Figure 3: Step-wise routing in TRIM: per-step decisions to escalate or continue are made using PRM-based uncertainty and trajectory context.

The underlying latent state distinguishes between still-correct prefixes, irrecoverable errors, and single localized errors—that is, $S_0$ (all steps correct), $S_1$ (irrecoverably incorrect), and $S_2$ (potential recovery via single-step correction).

Figure 2: POMDP state and observation structure: latent correctness class is inferred from noisy PRM features.

Empirical Results

Evaluations on MATH-500, AIME, OlympiadBench, and Minerva demonstrate several key findings:

• Cost Efficiency: Basic TRIM-Thr delivers at least $5\times$ higher efficiency over leading query-level routing baselines, achieving near–strong model accuracy with a fraction of $M_s$ tokens. TRIM-Agg and TRIM-POMDP match or beat strong model performance using 80% fewer $M_s$ tokens on MATH-500 and up to $6\times$ savings on AIME.
• Low-Budget Regime: TRIM-POMDP strictly dominates in regimes with tight compute budgets, where its explicit modeling of uncertainty and long-horizon dependencies enables high-utility token targeting under sparse reward signals.
• High-Budget Regime: In scenarios where more expensive tokens can be used, TRIM-Agg is more effective due to easier RL convergence.
• Generalization: Policies trained on AIME generalize without adaptation to OlympiadBench and Minerva, outperforming query-level routers that overfit to dataset idiosyncrasies.
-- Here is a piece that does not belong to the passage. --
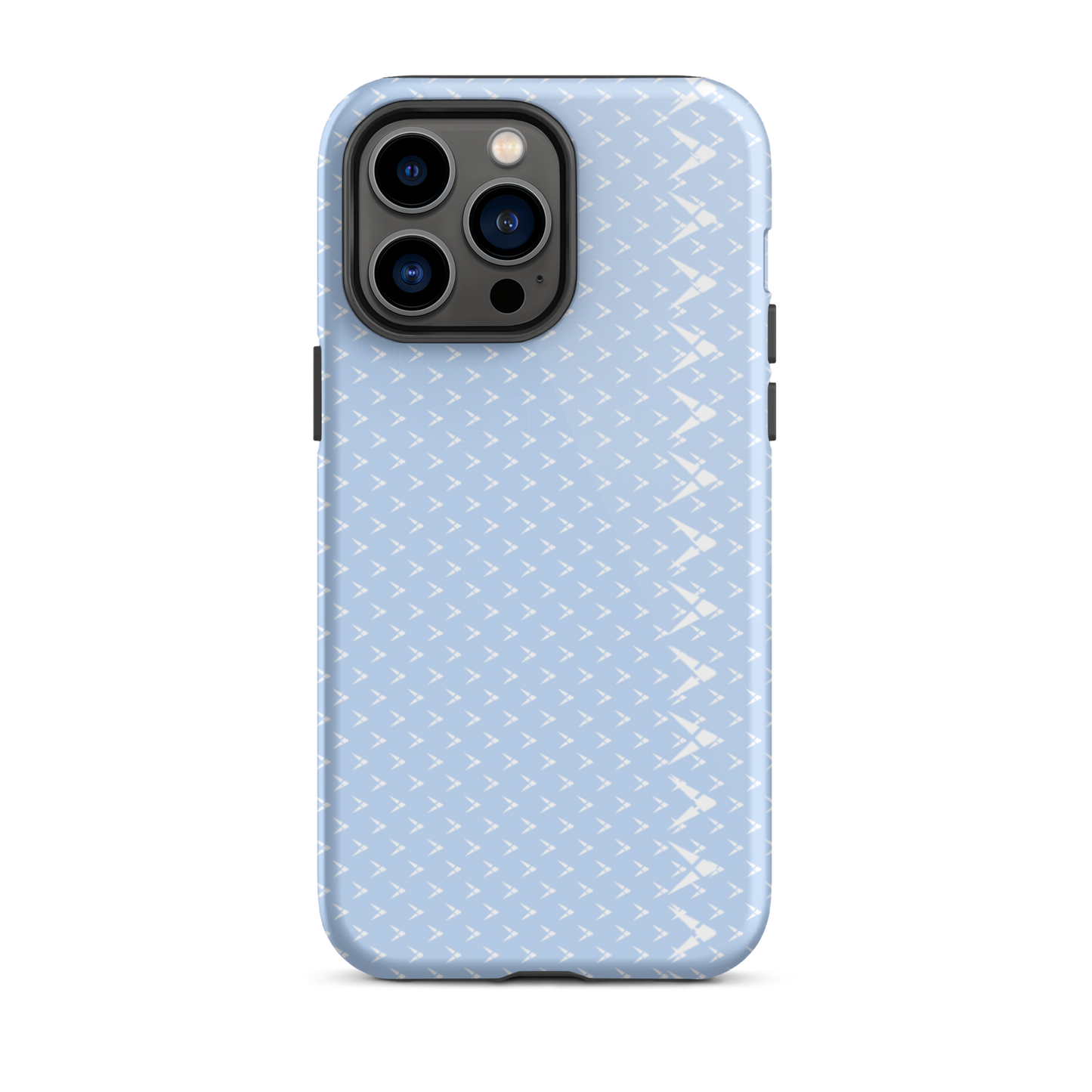 Playfly - Tough iPhone case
This implies that step-level hardness is intrinsic and transferable across problem distributions.

Figure 4: TRIM’s cost–performance tradeoff compared to query-level and oracle policies across mathematical benchmarks, highlighting substantial token savings.

Figure 5: Comparative performance–cost curves on MATH-500 and AIME: POMDP-based TRIM dominates at low budgets; TRIM-Agg leads at higher budgets.

Figure 6: Cross-dataset cost–performance tradeoffs show that TRIM-Agg, trained on AIME, generalizes robustly to OlympiadBench and Minerva.

Ablations and Robustness

• Single-Step Intervention: Empirical ablations confirm that intervening only on individual steps (rather than taking over remaining steps with $M_s$) is optimal, as error localization commonly suffices to realign the trajectory.
• Noise Robustness: While threshold-based policies degrade under high PRM noise, RL and POMDP-based policies learn robustness, maintaining superior cost efficiency.

Implementation and Latency

Leveraging modern LLM serving stacks (e.g., vLLM, SGLang), TRIM exploits parallel chunked prefilling, such that wall-clock overhead remains negligible, often yielding absolute latency improvements due to reduced $M_s$ tokens generated.

Practical and Theoretical Implications

TRIM provides a formal framework for hybrid LLM serving in multi-step tasks, clarifying that the marginal utility of expensive LLM compute is heavily concentrated on a small subset of steps. Theoretical insight is provided by the POMDP formulation, which distinguishes policies for early (recoverable) versus late-stage errors and quantifies trade-offs under observation noise.

• Deployment: TRIM policies are lightweight, requiring either a small MLP or an efficient POMDP solver with a low-dimensional state. Their domain-agnosticism (subject to PRM or self-verification availability) and generalizability across model pairs and benchmarks make them suitable for scalable, production-grade, cost-sensitive LLM deployment.
• Future Directions: Extending routing granularity from steps to tokens may further increase efficiency, motivated by recent work on token-level intervention and the finding that “critical tokens” drive solution correctness. Additionally, integrating richer verification signals and model ensembles could further enhance reliability under adversarial or distributionally shifted inputs.

Conclusion

TRIM establishes that targeted, stepwise routing using PRM-informed escalation decisions yields substantial cost–performance gains in multi-step LLM reasoning. The framework’s modularity supports diverse policy optimization approaches—threshold, RL, or POMDP—each tuned to different compute regimes and noise conditions. Empirical and theoretical analysis confirms that reliable, scalable reasoning with LLMs can be achieved through fine-grained, context-aware token allocation, and that fundamental step-level hardness patterns drive transfer and efficiency in complex sequence tasks.